Quelques années plus tard, Benoît XVI allait surprendre le monde entier en faisant l’annonce (en latin) de sa renonciation comme tête de l’Église catholique. Après plusieurs signes de faiblesse physiques, Benoît XVI allait encore une fois faire preuve de courage, d’audace et de liberté en renonçant à sa charge d’évêque de Rome.
Tel un moine exilé, le fidèle disciple de saint Benoît allait se retirer dans le cloître d’une humble demeure au cœur des jardins du Vatican. Là, dans le silence de la prière et de la contemplation, le pape émérite allait terminer sa vie dans un témoignage on ne peut plus clair à la primauté de la prière.
Au cœur d’un monde illusionné par la rapidité et les développements technologiques, Joseph Ratzinger allait montrer où se trouvait la véritable efficacité. Cet héritage d’une vie cachée, à la manière des trente premières années de la vie de Jésus, allait retrouver de nombreux échos dans le pontificat de celui qui allait lui succéder.
J’offre en exemple la place centrale qu’allait prendre la contemplation dans l’encyclique du pape François Laudato Sì. Quel meilleur moyen de ralentir la course aussi effrénée qu’insensée à la consommation que de réapprendre à regarder la beauté du monde avec les yeux du cœur !
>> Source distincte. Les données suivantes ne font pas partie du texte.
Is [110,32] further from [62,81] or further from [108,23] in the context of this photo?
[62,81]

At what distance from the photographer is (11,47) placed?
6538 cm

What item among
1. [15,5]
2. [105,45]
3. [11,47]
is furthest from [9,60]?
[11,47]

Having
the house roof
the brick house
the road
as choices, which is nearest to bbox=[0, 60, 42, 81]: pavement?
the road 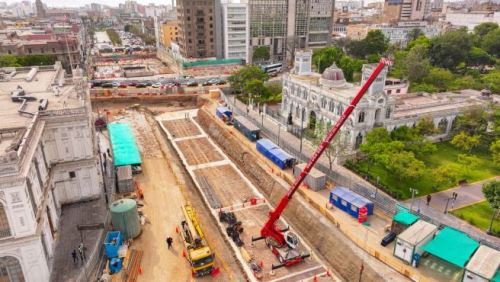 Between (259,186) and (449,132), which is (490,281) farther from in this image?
(449,132)

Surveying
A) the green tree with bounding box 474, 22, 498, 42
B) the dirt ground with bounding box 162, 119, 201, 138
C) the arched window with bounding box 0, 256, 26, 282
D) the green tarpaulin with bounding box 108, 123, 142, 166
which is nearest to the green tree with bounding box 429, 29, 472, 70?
the green tree with bounding box 474, 22, 498, 42

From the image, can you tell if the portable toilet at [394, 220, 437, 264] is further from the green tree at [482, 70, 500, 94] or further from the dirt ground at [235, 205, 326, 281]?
the green tree at [482, 70, 500, 94]

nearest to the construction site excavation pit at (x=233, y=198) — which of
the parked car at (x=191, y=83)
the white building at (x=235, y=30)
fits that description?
the parked car at (x=191, y=83)

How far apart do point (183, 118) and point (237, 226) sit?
142 ft

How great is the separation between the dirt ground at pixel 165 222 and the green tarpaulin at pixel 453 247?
17.5 metres

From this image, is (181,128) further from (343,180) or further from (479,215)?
(479,215)

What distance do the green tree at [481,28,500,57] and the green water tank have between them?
117 m

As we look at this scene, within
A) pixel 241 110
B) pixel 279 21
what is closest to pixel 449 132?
pixel 241 110

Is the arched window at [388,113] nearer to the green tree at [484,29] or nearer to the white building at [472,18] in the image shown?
the green tree at [484,29]

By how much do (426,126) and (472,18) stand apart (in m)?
159

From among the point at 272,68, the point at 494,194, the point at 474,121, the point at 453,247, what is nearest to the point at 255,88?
the point at 272,68

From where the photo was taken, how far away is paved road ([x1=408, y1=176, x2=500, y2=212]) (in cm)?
3931

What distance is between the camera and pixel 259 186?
159ft

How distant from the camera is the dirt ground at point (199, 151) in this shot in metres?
56.3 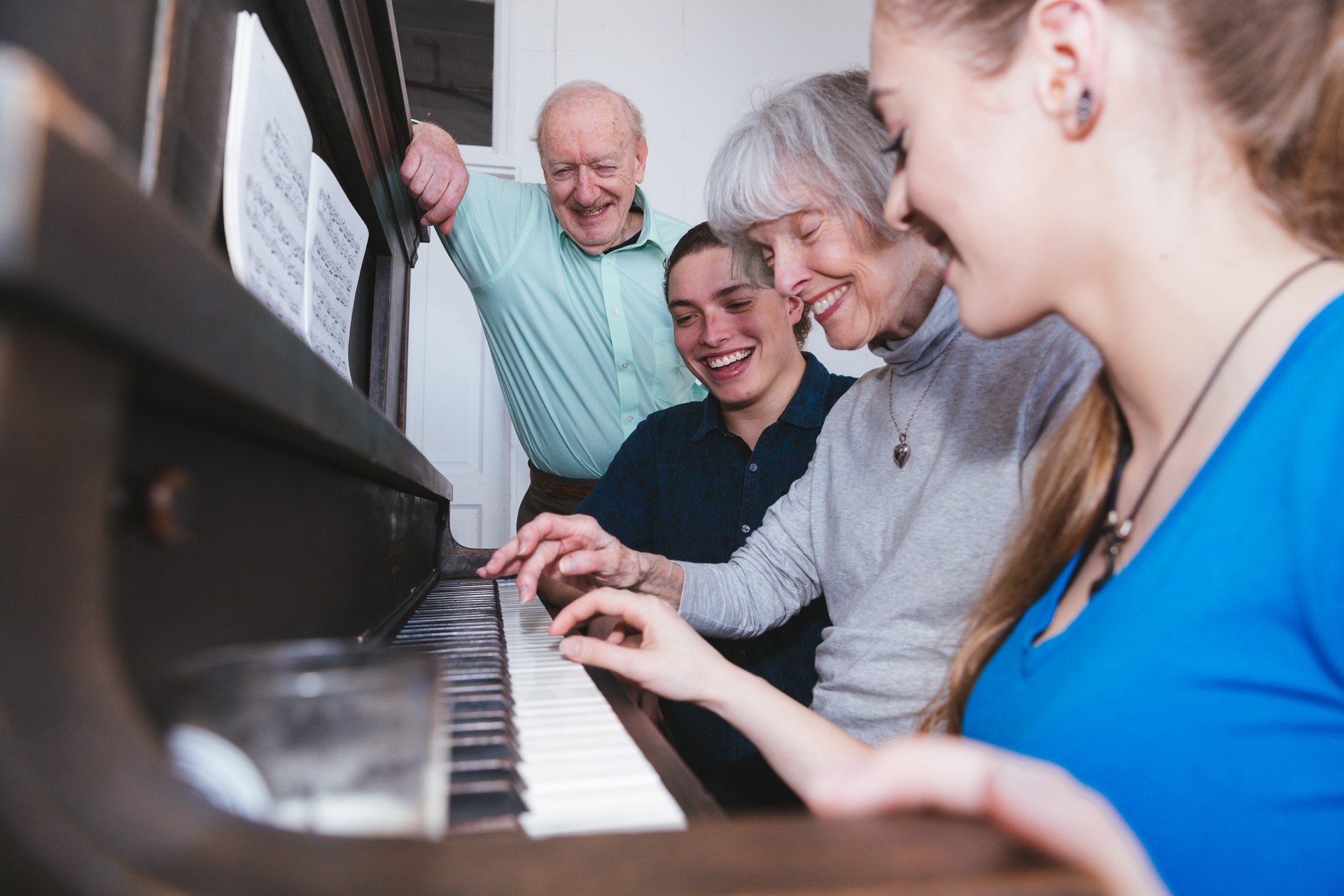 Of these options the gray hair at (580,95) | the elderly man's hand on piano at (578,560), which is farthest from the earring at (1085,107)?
the gray hair at (580,95)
Un homme de la Transfiguration
Le dimanche 24 février 2013, lors de son dernier Angélus avant de se retirer définitivement, le pape Benoît XVI, évidemment ému, allait offrir le fruit de sa méditation sur l’épisode théologiquement très dense de la Transfiguration :
«Je sens que cette Parole de Dieu m’est tout particulièrement adressée, en ce moment de ma vie. Merci ! Le Seigneur m’appelle à cette « ascension du mont », à me consacrer encore davantage à la prière et à la méditation. Mais cela ne signifie pas abandonner l’Église, au contraire, si Dieu me demande cela c’est précisément pour que je puisse continuer à la servir avec le même dévouement et le même amour avec lesquels j’ai essayé de le faire jusqu’à présent, mais de manière plus adaptée à mon âge et à mes forces.»
Aujourd’hui, un grand homme nous a quittés. Que ce soit par le témoignage de sa vie cachée, par sa fidélité à la grâce du baptême et du sacrement de l’Ordre, par la qualité de sa contemplation et son charisme de discernement de la vérité, par son jugement et sa persévérante collaboration au ministère du saint pape Jean-Paul II, le pape émérite Benoît XVI nous laisse un double héritage :
D’une part, une œuvre gigantesque à inscrire au patrimoine de la grande Tradition théologique de l’Église et, d’autre part, le défi de faire de notre vie le lieu de la révélation de la divinité parmi les hommes.
À l’image de la Transfiguration, laissons transparaître en notre vie le dynamisme de la vie trinitaire dans laquelle Jésus nous rend participants. Ainsi, le moment venu, nous pourrons nous aussi rejoindre notre seule et véritable patrie.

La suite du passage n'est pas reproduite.